Explicit types are much more useful, if not imperative,
when defining data types for external storage (in files,
or network protocols).
For binary file IO many people take a naive approach, and
simply overlay a data structure onto the file stream.
This ignores the potential difference in sizes of implicit
types, and their endianess. A more careful method of
doing binary files, is to distinguish the external from
the internal representation, and have procedures to do
the IO a field at a time. See binIO.
Back in the late 1980's, and early 1990s, I had an Amiga
computer, and had two different "C" compilers: Aztec, C
and SAS/C. The Aztec compiler int was 16-bits, whereas
the SAS/C int was 32 bits. As you can imagine this caused
all sorts of havoc. The Amiga system includes were
rewritten with somewhat more explicit types. These were
macros such as ULONG, SLONG, USHORT, SSHORT, UBYTE, and
SBYTE.
This illustrates the importance of explicit types.
Both implicit and explicit types have their place.
Peter
Date: Wed, 16 Dec 2009 20:10:14 -0500
From: Tony Hosking <hosking at cs.purdue.edu>
Subject: Re: [M3devel] Oops, forgot to ask
To: Jay K <jay.krell at cornell.edu>
Cc: m3devel <m3devel at elegosoft.com>
Message-ID: <EF60618E-7AE3-4FF9-A805-5B8B83B369E2 at cs.purdue.edu>
Content-Type: text/plain; charset="us-ascii"
>On 16 Dec 2009, at 19:52, Jay K wrote:
>
>> "0..LAST(LONGINT)" having varying meaning...like when INTEGER is > 64
>bits, then LONGINT=INTEGER, and we anticipate 128 bit INTEGER?
>>
>>
>> See..LONGINT is only useful in this brief period where we still have 32bit INTEGER.
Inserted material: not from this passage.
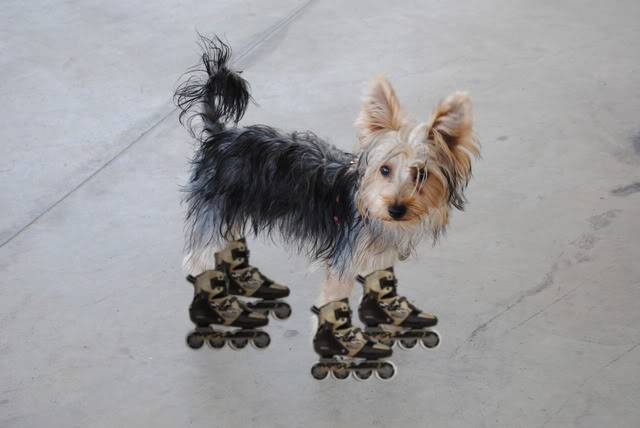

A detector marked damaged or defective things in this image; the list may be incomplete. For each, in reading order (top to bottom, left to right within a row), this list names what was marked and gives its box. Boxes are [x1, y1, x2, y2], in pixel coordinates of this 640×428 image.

crack in concrete [0, 0, 318, 251]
>> (Actually it would have been useful long ago.)
>
>LONGINT could be 128 bits for all its definition cares. It is just
>something usually (not always) bigger than an INTEGER.
>
>> I really think "long" is a dumb name..
>> There should be INT8, UINT8, INT16, UINT16, INT32, UINT32, INT64,
>UINT64, and unsigned and signed integers the same size of a pointer,
>possibly called INT and UINT, or size_t and ptrdiff_t..
>
>Now these are dumb names because they wire in the size of the value.
>
>In Modula-3 INTEGER is a natural (i.e., word-size) value.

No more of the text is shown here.